When the company was incorporated, it acquired debt at a very high rate of interest ranging from 18-22%. These high rates of interest are no longer acceptable and reasonable in the current period of lower interest rate. So as per the CDR plan, the interest has been rationalized to 11%. Another feature of the CDR is that the repayment schedule has been spread across next 11 years.
What are the reasons for higher interest outflow at Rs238mn in H1 FY05 visa-a-vis Rs188mn in H1 FY04 despite the ongoing CDR plan?
There are two reasons attributable for higher interest outflow in H1 FY05. First, as the prices of steel have gone up, our total working capital requirement went up and is expected to remain firm in the coming quarters as well. Second, a loan denominated in Deutsche Mark, serviced at libor, got converted this year into Rupees and is now being serviced at 11%. We are planning to convert this back into Dollars and thereby lower down the interest outflow on it. Overall, one can expect a similar interest outflow in H2 FY05.
The losses made by ISMT increased in H1 FY05 despite favorable exchange rate movement? Why and when is it expected to turnaround?
ISMT would have turned around this year if it would not have received the order from ONGC. Around one and half years ago, the company got a big order from ONGC to supply 47,000 tons of casing pipes worth Rs1,500-1,600mn. It was a fixed price contract with the price fixed at about US$500 per ton. The order was denominated in US$ with exchange rate prevailing at Rs48.3 at the time of accepting the order. The scenario changed since then as steel prices doubled, raw material prices shooting up by more than 100%, and the Dollar depreciating against the domestic currency. The average price of the tube has gone up from US$500 to US$1,000. The order has impacted the company?s profitability by Rs250-300mn. We are on the verge of completing the order with only 300 tons expected to be left after the end of this month. Therefore, the only reason for making losses in this year is this order and once the order gets completed, we will start making profits.
Who are the other customers of ISMTL?
ISMTL products have a good export market and the exports this year are expected to be about 33,000 tons. This will account for 30% of the total production of 100-105,000 tons for the year. Next year we plan to export almost 50% of our total production.
When will be the extent of equity dilution on account of conversion of preference shares and when is it expected?
As per the terms of the CDR, the right of preference shareholders of converting their holdings into equity goes away. The preference shares are now redeemable in three annual installments from 2016-17 to 2018-19.
What was the capex incurred in HI FY05 and plans for the same in H2 FY05 and FY06? How would this be financed?
So far the total capex incurred in the year is close to Rs45mn and we expect to finish the year with Rs50mn. We expect to spend around Rs60mn towards capex in FY06 with no major organic capacity addition expected.
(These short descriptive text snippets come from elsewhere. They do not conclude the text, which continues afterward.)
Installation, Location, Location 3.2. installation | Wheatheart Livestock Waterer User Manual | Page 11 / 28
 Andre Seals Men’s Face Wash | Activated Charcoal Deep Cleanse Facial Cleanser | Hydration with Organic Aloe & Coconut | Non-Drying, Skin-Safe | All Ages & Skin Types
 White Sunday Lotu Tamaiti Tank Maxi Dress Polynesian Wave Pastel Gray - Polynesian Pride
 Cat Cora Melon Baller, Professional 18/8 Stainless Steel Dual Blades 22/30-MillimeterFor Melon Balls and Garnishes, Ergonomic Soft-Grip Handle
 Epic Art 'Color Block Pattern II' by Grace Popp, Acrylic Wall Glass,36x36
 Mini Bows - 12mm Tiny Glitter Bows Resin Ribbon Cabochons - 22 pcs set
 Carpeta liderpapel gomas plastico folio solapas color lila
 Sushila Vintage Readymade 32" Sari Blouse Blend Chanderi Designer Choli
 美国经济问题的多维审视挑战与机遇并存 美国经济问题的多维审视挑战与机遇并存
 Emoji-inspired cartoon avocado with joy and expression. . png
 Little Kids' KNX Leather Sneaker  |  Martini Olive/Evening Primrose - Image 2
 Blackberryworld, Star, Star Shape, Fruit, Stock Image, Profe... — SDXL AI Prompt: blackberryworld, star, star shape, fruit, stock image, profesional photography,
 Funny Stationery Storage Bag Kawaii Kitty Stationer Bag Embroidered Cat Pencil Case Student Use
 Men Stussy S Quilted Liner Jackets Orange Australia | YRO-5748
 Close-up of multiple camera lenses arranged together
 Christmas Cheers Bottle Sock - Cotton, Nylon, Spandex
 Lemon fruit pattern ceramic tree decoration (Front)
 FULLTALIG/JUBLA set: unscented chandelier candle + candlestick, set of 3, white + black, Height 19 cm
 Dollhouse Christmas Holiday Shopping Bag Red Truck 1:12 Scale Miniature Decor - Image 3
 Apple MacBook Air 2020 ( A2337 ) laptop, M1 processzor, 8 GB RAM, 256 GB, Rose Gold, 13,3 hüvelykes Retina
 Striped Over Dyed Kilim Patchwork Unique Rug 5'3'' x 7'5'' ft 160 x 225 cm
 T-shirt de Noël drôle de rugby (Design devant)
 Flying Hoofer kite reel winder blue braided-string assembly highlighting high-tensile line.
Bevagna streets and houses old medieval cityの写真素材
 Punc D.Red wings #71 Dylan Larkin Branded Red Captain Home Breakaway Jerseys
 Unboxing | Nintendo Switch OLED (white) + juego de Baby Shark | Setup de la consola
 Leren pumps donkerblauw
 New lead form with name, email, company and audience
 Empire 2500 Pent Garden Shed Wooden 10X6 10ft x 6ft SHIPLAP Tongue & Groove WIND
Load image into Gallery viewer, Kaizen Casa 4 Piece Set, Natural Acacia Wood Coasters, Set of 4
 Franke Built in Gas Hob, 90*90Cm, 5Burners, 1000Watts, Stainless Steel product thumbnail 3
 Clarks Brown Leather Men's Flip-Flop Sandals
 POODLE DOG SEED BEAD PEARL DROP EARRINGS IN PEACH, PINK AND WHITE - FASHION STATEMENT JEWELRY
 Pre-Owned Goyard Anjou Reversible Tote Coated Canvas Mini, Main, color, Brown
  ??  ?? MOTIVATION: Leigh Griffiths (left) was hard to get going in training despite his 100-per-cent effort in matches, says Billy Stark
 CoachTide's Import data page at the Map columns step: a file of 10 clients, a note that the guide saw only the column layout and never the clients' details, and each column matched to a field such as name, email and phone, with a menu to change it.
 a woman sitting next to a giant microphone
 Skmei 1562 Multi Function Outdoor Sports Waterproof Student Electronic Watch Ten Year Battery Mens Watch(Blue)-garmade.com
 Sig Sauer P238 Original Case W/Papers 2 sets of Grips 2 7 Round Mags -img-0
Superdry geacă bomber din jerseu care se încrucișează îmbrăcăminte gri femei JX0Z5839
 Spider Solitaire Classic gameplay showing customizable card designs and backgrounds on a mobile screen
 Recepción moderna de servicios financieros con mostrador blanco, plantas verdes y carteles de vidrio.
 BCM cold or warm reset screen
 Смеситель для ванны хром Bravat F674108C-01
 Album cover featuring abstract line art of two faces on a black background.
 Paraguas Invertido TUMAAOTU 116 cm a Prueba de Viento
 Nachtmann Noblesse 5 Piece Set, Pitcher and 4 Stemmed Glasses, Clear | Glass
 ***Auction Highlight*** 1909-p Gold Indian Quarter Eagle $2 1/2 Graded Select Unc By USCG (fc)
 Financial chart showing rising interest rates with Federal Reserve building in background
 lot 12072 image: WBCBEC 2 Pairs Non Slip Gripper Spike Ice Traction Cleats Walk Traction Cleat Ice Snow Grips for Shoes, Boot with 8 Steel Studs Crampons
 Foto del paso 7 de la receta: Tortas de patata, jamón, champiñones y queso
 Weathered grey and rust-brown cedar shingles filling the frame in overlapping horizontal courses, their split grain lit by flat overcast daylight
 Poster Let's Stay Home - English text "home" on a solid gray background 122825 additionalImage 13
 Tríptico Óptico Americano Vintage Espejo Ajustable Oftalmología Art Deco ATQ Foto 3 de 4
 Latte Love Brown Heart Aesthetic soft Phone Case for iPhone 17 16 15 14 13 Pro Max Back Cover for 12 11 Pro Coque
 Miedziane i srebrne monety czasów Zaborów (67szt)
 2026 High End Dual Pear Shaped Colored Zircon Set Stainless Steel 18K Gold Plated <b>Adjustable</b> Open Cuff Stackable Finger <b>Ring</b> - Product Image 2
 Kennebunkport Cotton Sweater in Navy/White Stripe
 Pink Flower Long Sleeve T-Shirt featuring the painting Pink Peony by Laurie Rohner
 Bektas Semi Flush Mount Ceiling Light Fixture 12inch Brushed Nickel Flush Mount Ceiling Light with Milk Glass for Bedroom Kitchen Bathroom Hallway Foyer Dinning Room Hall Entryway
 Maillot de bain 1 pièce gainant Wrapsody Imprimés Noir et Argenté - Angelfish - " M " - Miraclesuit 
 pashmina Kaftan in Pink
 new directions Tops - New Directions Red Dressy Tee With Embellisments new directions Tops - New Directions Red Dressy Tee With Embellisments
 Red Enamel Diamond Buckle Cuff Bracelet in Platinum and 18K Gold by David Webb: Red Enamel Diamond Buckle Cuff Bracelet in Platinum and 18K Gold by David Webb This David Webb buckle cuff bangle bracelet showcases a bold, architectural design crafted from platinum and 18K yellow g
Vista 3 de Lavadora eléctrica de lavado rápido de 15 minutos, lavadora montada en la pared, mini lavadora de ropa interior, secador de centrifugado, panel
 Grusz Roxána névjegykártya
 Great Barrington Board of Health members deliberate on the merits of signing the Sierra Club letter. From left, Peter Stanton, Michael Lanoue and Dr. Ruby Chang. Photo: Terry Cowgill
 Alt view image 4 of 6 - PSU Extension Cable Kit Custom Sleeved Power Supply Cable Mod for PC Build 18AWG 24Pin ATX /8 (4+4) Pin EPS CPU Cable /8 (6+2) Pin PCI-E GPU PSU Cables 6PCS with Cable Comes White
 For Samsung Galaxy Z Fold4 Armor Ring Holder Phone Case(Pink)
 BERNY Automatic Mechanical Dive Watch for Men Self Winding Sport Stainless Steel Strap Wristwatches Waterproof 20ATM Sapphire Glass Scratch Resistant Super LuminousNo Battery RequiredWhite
The entire amount will be funded by internal accruals.
What is your topline and net profit guidance for FY05 and FY06 and what would be the drivers for the same?
We are confident of increasing the production by 40-50,000 tons by FY06 over FY04 levels. We expect to achieve a turnover of about Rs7,000mn in FY05 and record a growth of 17-18% in FY06 thereby reaching Rs8,350mn in revenues.
In case of ISMT, we expect to touch Rs5,250mn in revenues in the current year and witness a 20% growth in the next year. The main drivers will be completion of ONGC contract in the current year which will lead to securing better prices (almost double) on ~14-15,000 tons next year and robust export growth.
What could be the major concerns that can hinder the company?s progress?
The main challenge for us in the coming years will be to keep on improving quality and increasing efficiencies, both human and technology driven.
Any message for the shareholders of the company?
We would like to thank the shareholders for having the patience and supporting us through our bad times and we look forward to their continued support in the future.